Drawing on new insights from interviews with more than 2,000 young Kenyans, we challenge the outdated stereotype that young people are simply ‘not interested’ in agriculture. Instead, we’ll explore the social and economic barriers that have structurally disincentivised a generation from working in agriculture for more than a generation – and how they can be broken down.
Kenya’s agriculture industry is the engine of its economy, employing 60% of the country’s labour force and generating more than half of its GDP.
But to meet the needs of a fast-growing population and a rapidly changing climate, experts predict that by 2030, the industry must expand by an estimated 75% from its 2015 levels – and adopt a range of climate-resilient policies and practices capable of transforming the sector on an unprecedented scale.
Organisations from the Kenyan government to the World Bank have highlighted that engaging Kenya’s young, digitally native labour force is critical to driving this urgent agribusiness transformation. And yet, agriculture in Kenya remains a stubbornly ageing industry.
In this third edition of our Compass series, we explore the barriers that are preventing young people from working in this crucial sector – and begin to map the route to engaging them in an ambitious transformation of Kenya’s agribusiness industry.

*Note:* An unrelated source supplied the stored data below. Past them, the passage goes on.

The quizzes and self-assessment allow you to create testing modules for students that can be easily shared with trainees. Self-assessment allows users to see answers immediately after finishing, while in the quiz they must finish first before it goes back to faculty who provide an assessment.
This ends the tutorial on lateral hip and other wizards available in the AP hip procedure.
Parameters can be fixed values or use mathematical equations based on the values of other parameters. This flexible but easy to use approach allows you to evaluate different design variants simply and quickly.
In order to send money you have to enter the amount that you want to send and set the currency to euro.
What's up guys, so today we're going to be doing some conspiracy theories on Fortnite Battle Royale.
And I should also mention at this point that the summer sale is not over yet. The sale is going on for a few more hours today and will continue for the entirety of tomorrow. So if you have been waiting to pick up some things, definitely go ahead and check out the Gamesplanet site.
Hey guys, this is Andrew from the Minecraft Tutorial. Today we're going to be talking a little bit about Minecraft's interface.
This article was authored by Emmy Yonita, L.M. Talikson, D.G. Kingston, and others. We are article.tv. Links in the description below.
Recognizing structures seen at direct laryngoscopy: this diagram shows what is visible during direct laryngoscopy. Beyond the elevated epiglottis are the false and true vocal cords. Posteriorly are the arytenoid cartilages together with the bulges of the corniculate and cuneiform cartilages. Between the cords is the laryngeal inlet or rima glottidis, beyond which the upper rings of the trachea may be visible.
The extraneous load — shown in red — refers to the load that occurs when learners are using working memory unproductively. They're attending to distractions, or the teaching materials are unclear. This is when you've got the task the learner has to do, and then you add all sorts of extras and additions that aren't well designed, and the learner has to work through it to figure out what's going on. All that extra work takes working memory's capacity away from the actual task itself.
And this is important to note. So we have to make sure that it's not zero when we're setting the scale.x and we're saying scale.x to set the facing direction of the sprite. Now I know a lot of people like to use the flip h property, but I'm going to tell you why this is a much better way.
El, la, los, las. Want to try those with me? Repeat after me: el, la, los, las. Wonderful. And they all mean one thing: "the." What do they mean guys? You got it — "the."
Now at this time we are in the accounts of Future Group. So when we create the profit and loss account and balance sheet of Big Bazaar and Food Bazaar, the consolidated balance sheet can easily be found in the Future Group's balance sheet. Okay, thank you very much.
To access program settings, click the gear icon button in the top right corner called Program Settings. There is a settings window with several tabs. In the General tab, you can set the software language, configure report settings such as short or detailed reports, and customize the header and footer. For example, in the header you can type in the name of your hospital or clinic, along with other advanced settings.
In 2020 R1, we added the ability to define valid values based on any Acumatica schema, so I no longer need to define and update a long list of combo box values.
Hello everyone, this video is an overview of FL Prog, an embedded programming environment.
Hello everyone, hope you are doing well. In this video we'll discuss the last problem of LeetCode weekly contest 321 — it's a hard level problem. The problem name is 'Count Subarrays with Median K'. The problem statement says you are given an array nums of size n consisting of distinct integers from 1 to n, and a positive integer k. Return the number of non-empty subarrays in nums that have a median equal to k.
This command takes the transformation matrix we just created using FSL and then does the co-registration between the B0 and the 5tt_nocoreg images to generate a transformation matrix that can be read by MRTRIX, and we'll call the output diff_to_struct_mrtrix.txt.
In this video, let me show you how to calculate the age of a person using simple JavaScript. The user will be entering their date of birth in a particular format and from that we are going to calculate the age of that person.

And there’s cause for optimism, as data from our annual survey shows that the COVID-19 pandemic has sparked a vital shift in attitudes and approaches to agriculture among young Kenyans. We’ll show that more young people than ever say they would consider working in agribusiness and we’ll introduce you to the hundreds of thousands of young people who have set up agribusiness micro-enterprises to get by during the pandemic.
The upheaval of 2020 has created fertile ground for a national effort to engage young people in the agriculture sector. However, even as they tend to their new micro agribusinesses, young people in our network are quick to reinforce the level of investment and policy change that’s needed; from opening up access to markets, land and capital, to rolling out training in the latest technologies.
Faced with an increasingly unstable climate and an expanding population, experts tell us one thing is clear: Kenya’s future depends on a transformation of its agriculture industry. But that transformation needs a new generation of energetic and digitally native young urban agri-entrepreneurs and rural innovators to power it.